« Ah non! Pourquoi rentrer? J’aimais bien l’été. » Dans le commentaire de Fred de mai au billet d’hier, il y a une question à la pertinence insoupçonnée.
Il n’y a pas de suite – sans doute n’en y aura-t-il jamais – parce qu’il y a peu de chances qu’une belle histoire s’écrive à l’envers. C’est-à-dire que l’on puisse inverser la préséance du sentiment sur le baiser sans se perdre. Et je me suis perdu souvent. Car je ne suis pas à même de traverser sans m’arrêter les étreintes fugaces et les nuits sans lendemain. Je ne peux désavouer mes gestes, revenir sur mes caresses, laisser mentir mes mains. Aussi je reste. Et l’on s’attache. Souvent pour longtemps. Se confinant comme tant d’autres que je connais aux amours de plaine.
C’est donc qu’il y aurait des amours de cimes ? Nous y avons tous cru je pense. Au moins l’été de nos dix-huit ans. Je me trompe ? Pour se laisser happer un peu plus tard par une apparente raison et ces mille choses qui composent la vie. Le rêve se dissipe, on se dit qu’on était leurré… Pour se faire rattraper, pour s’éveiller, dix ou quinze ans plus tard. Brutalement. On ne bâillonne pas ainsi l’aspiration de ce à quoi on est destiné : Cette part manquante de nous-même, ce dialogue qui n’a pas de fin, l’Attendu.

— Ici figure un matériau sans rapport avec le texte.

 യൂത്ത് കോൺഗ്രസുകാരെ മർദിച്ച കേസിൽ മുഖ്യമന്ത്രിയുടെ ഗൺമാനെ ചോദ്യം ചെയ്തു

Quant à moi, je ne veux plus trahir ma vocation d’alpiniste, ne plus renoncer, ne plus me perdre. Quitte à dévisser. Encore. Et à recommencer. Ensuite. Pour vous écrire un jour, peut-être, que j’ai pris pied sur ce sommet que des nuages cachent aux gens de plaine. Qu’il existe, qu’on y vit, et qu’on y aime.
Es-tu partante ?
P.S. Marine nous a envoyé jeudi un billet de là-bas qui se conclut par :
« Et le manque de lui, depuis trois heures qu’on s’est quittés. Mais le rêve recommence dans moins d’une heure. Et si je dois me réveiller un jour, laissez-moi au moins ce sourire au travers de mon visage. Parce que c’est comme sur la photo, c’est comme dans le si joli film regardé à deux tout à l’heure. Une barque qui glisse tout doucement à la surface de l’eau. Les feuilles qui bruissent. Nos souffles qui s’emmêlent. Et, dans l’eau, notre reflet. Ne lâche pas ma main.»